Another leader example in the TKI family is the recombinant, humanized monoclonal antibody (mAb); trastuzumab (Herceptin®). This mAb targets the human epidermal growth factor receptor 2 (HER2)/neu signaling pathway and provides significant benefits to HER2+-breast cancer patients.
The second strategy for targeted therapy is inhibition of angiogenesis (new blood vessel formation) in cancer tissue to cut blood supply; hence prevent oxygen and nutrients from arriving to tumor cells. This category is led by the 2004 FDA-approved mAb; bevacizumab (Avastin®), used for the treatment of advanced colorectal, lung and kidney cancers [3].
The third key strategy is inducing apoptosis in cancer cells by using modulators of caspase (cysteine-aspartic proteases)-dependent apoptotic pathways [6].
These targeted therapies are typically more selective, less harmful than their older counterparts and some of them can even be given orally to treat cancer as if it were a chronic disease.
All examples mentioned above have led the trend of molecularly targeted drugs, but still on the protein level.
As our knowledge has reached an important game-changer; deciphering the genetic code, thanks to the outcomes of the Human Genome Project (HGP), our capabilities and perspectives grew in parallel. This huge project, achieved in 2003 [7], opened the door for even more targeted therapeutics; i.e., on the DNA/RNA level. On one hand, many new drug targets had been identified, and on the other hand, a variety of DNA/RNA-dependent therapeutics had emerged and is being developed.
At the top of the list, small interfering RNA (siRNA) and Clustered regularly-interspaced short palindromic repeats (CRISPR) represent the new era of therapeutic gene/genome editing approaches [8]. These two powerful molecularly-targeted techniques were developed from natural defense mechanisms in eukaryotes (siRNA) and prokaryotes (CRISPR) in order to specifically suppress the expression of disease-causing gene(s). As for 2014, according to the database of clinical trials (ClinicalTrials. gov), over 50 siRNA-based therapeutics have reached the clinical trial stage for the treatment of a wide variety of diseases including cancers, infections, cardiovascular diseases and genetic disorders [9]. Now the race between pharmaceutical companies begins to produce CRISPR-based drugs as well.

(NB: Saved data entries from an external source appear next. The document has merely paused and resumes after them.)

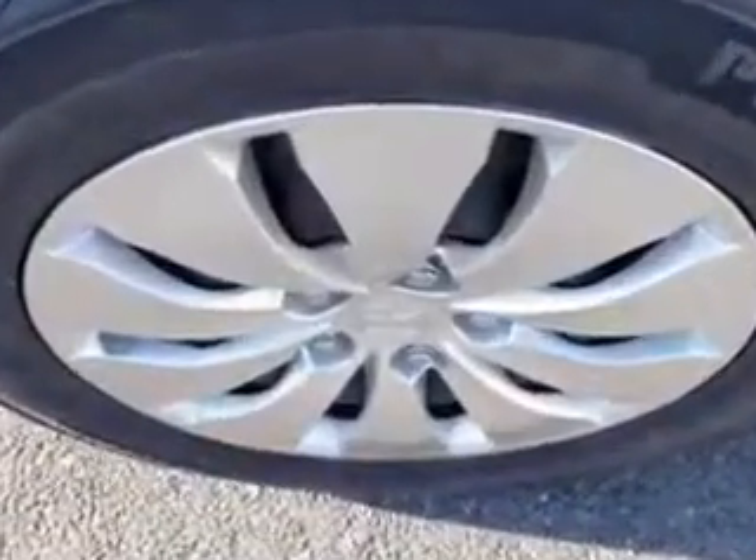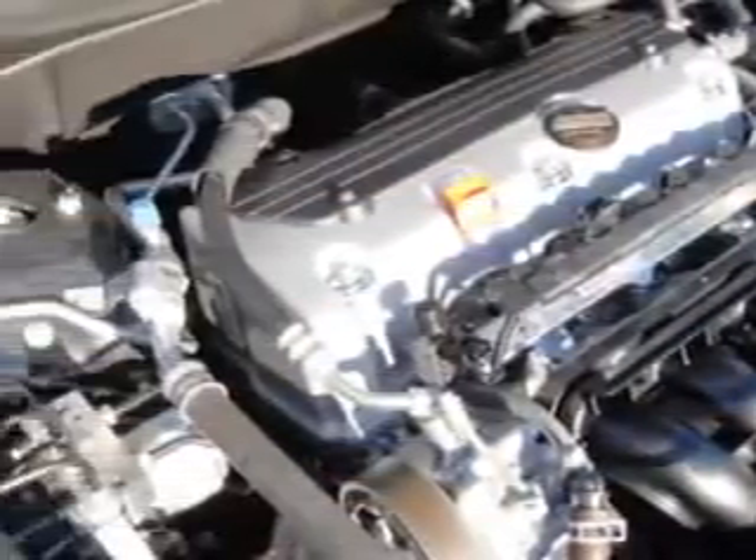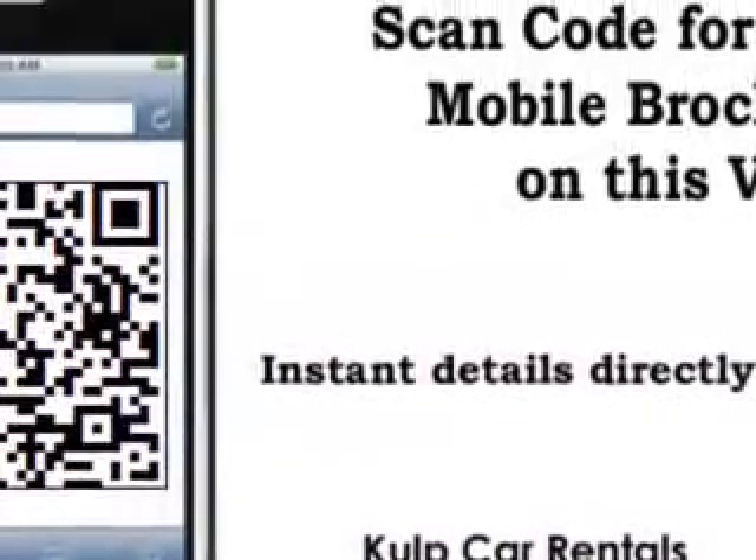Enjoy an exceptional 34 miles to the gallon on this great car, with features like keyless entry system, wheel covers, front wheel drive, tire pressure monitoring system, rear bench seat, steering wheel audio and cruise controls, and much more.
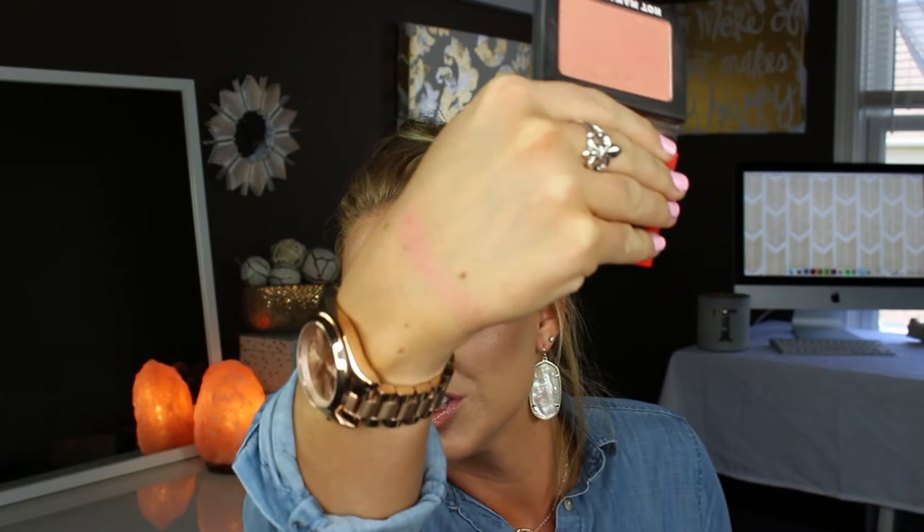Next is blush. This is by The Balm — the Hot Mama blush. I have used this so much. It reminds me a lot of the NARS Orgasm blush. The Balm products are so nice and you can pick them up at Kohl's. Look at that sheen — so pretty. I think it's perfect for this time of year with the pink and gold shift in it.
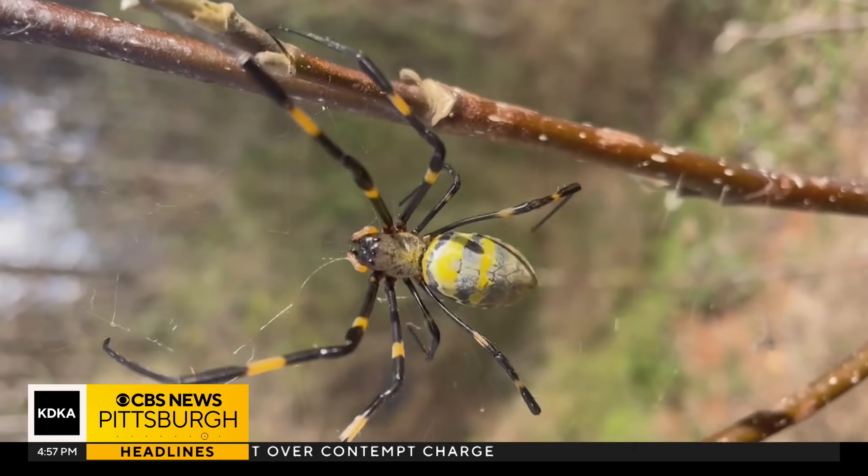You might say the only redeeming thing about them — they're black and gold. They were introduced, or at least first discovered, in 2014 in Georgia, and since then have expanded to several states, mostly the states surrounding Georgia.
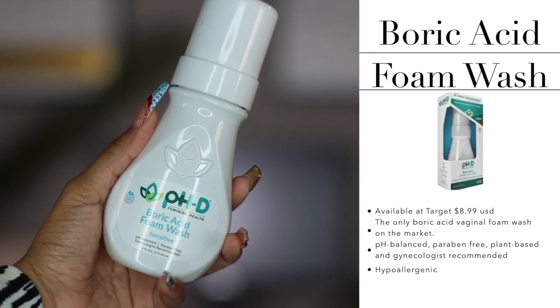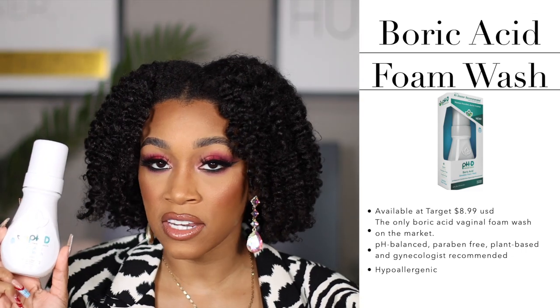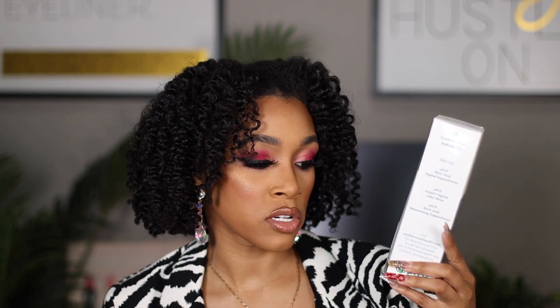I feel like a lot of you are going to love the idea of this. These products are vegan, cruelty-free, and paraben-free — we love that. We don't want to put any foreign substances in there. But first, if you are still using the same soap that you use on your body on your vagina — stop that right now, okay? Stop it today. It's not okay.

In addition to the two above mentioned genetic-targeting techniques, antisense-oligonucleotide (ASOs), although being under investigation for over 30 years, only two approved drugs were achieved. Those are, fomivirsen (Vitravene®), FDA approved in 1998 for the treatment of cytomegalovirus (CMV) retinitis in patients with AIDS, but discontinued for low demand, and mipomersen (Kynamro®), FDA approved in 2013, targeting ApoB100 for the treatment of homozygous familial hypercholesterolaemia (HoFH), a rare genetic disorder with excessive levels of low-density lipoprotein (LDL) cholesterol [10].

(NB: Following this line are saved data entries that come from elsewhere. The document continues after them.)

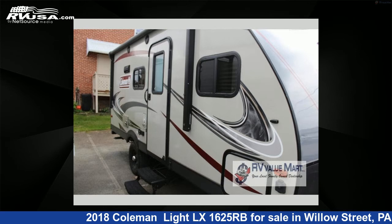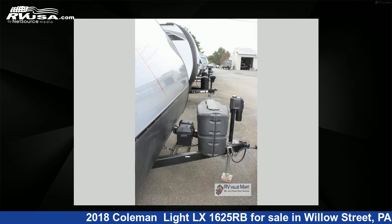This used Coleman features one slide-out, sleeps four, and 46 gallons freshwater capacity.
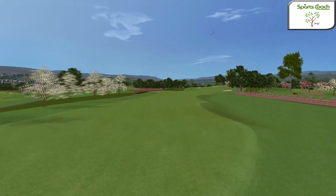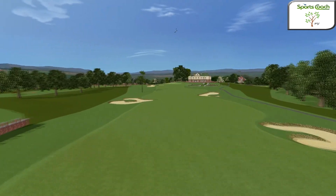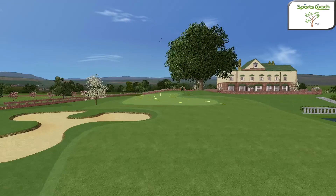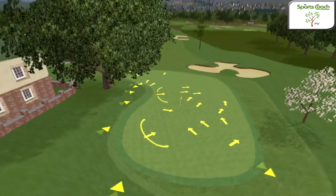The final hole, our fourth par 5 on the back 9, is a journey along a fairway ridge toward an uphill green. Shave the right corner only if you can keep it in the fairway. The approach must clear the right side trees by the green, which features a very pronounced slope from back to front.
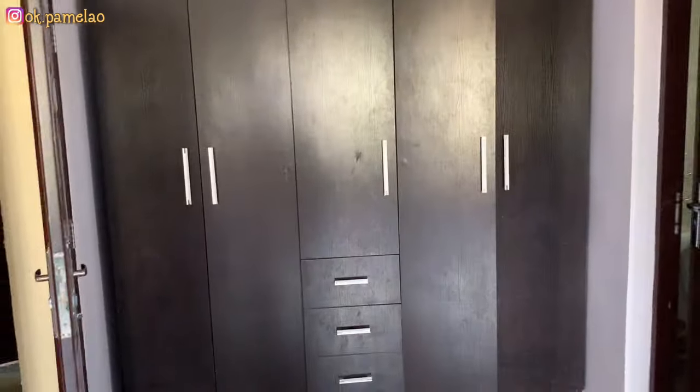I don't think I showed the whole wardrobe space in the other video, but look at all that wardrobe space — that's just crazy. I like it, I love it. A lot of good wardrobe space. Now let's move to the bathroom.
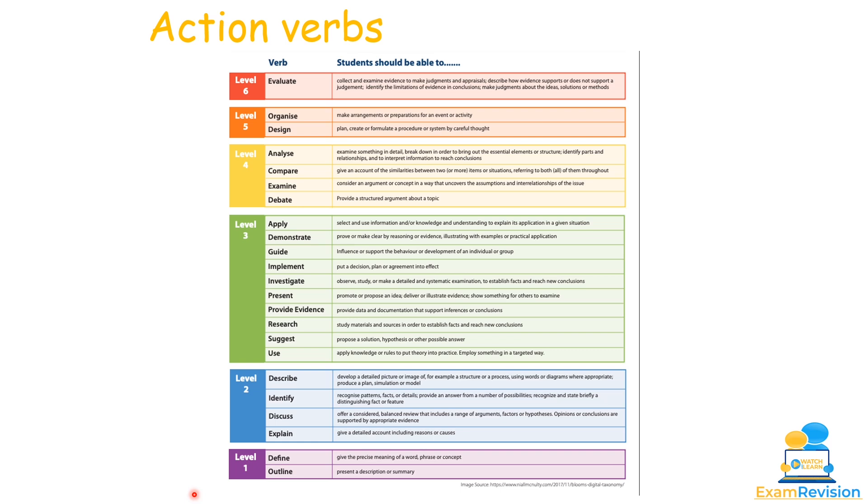Level 2 and Level 3 questions come up a lot, with higher order Level 6 questions also appearing. It's important to know what the question is actually asking. For example, 'identify' means recognize patterns, facts or details — so if asked to identify a flexibility test, you need to name it and briefly describe how it's done. 'Compare' requires looking at both sides. Feel free to pause or screenshot the action verbs slide so you know what each question term is asking.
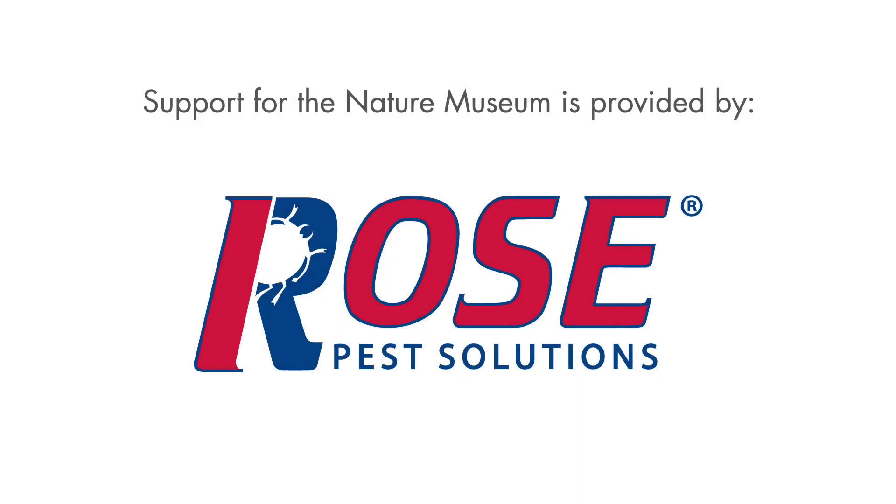Support for the Nature Museum is provided by Rose Pest Solutions, protecting homes, businesses, health, and the environment since 1860.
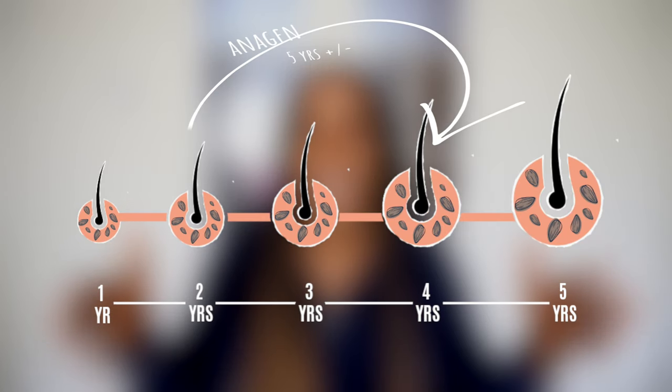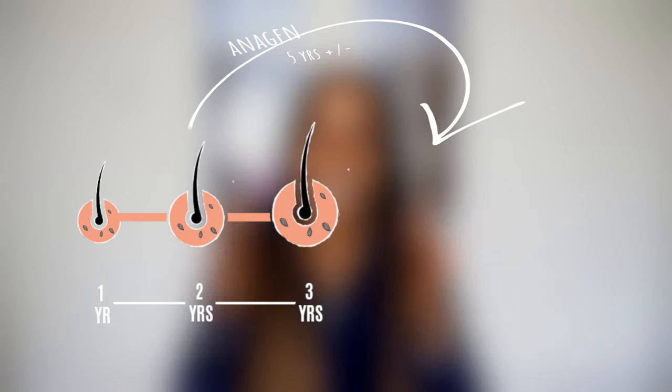When somebody has sufficient ferritin levels, this maximizes the length of their anagen growth phase. However, because your hair isn't considered a vital organ, your body doesn't recognize it as a necessity for survival. When your body is low on iron and needs it for essential functions, it starts looking at your ferritin stores. Since hair isn't vital, your body will take the ferritin stored in your follicles to complete its more essential bodily functions. So if sufficient ferritin maximizes your growth phase, then insufficient ferritin significantly reduces it.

There are multiple hurdles faced with the use of these large, negatively charged oligonucleotides especially in vivo; stability, efficient drug delivery to target issue/cells and, efficient cellular delivery and uptake limiting to a large extent their FDA approval and widespread application. Therefore, much of the work practiced in this field is and should be focusing on these obstacles in order to deliver efficient drugs to the market and most importantly to the patient [11].

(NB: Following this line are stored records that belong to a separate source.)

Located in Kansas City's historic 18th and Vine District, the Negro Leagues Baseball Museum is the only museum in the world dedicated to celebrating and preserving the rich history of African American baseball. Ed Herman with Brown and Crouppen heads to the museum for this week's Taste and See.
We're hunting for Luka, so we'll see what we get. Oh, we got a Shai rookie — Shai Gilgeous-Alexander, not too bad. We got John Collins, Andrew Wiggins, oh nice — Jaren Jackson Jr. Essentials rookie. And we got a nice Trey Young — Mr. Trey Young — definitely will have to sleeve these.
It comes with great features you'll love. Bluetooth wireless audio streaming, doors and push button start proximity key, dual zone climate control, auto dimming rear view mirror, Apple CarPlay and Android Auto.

To conclude, if we wanted to answer the question, how far did we get in fighting this disease? I think, we could without hesitation say that we have gotten deeply far in this fight, but there is still a lot of work and efforts yet to be done; specifying new and functional drug targets, developing efficient drug delivery systems, employing rational drug design and not to forget the production of high-quality animal models for the various stages of drug testing.